With only a pistol and his magic white shirt to his credit, the scruffy, superstitious Mud captivates Ellis, who brings him food and teases out Mud's story--on the run after killing a man in defense of his true love, whom he'll rendezvous with soon. Enamored of his own first love, disillusioned with his bickering parents, Ellis yearns for Mud's apparently idyllic love even as he struggles with his own affection.
Anchored in Ellis' point of view, "Mud" takes what could easily have been a trite, lackluster story and finds the human connections amidst the real-world relationships.
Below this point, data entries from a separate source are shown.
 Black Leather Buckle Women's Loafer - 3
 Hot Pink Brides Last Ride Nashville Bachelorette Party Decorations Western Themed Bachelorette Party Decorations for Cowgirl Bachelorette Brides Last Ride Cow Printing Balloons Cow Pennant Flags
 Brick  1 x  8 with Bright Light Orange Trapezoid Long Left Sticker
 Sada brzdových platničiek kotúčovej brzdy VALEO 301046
Writer/director Jeff Nichols presents the sobering experiences in an unusual way; namely, he appreciates the intelligence of these teenage boys. They exhibit a sense of humor, support each other, evaluate the situation and their own motives. In other words, they're much more than the usual Hollywood cardboard cutouts, and the story is enriched by this.
As a filmmaker, Nichols says that movement inspires him. His numerous steadicam shots sweep forward over the river, explore the island's terrain, and identify with characters during action. We're drawn in, watch and learn with Ellis as our surrogate. And as Ellis, Tye Sheridan has an enviable presence. He holds the camera eye, still, thoughtful, emotionally sympathetic. As Mud, Matthew McConaughey proves again that he embraces unusual, unflattering roles, sinking his teeth into the offbeat character. Other secondary characters played by Reese Witherspoon (largely undeveloped), Sam Shepard, and Michael Shannon lend solid support.
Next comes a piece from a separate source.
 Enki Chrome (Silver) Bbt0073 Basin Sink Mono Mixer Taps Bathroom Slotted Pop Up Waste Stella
The sound nicely stays out of the way of the story and the locations contribute important mood and texture. Though its ending felt false in light of the rest of the film, "Mud" remains much more interesting than Hollywood blockbusters, more video games than complex stories. "Mud" has characters and heart and makes a powerful statement about love idealized, lost, fought for, and deserved. At a Landmark Theatre.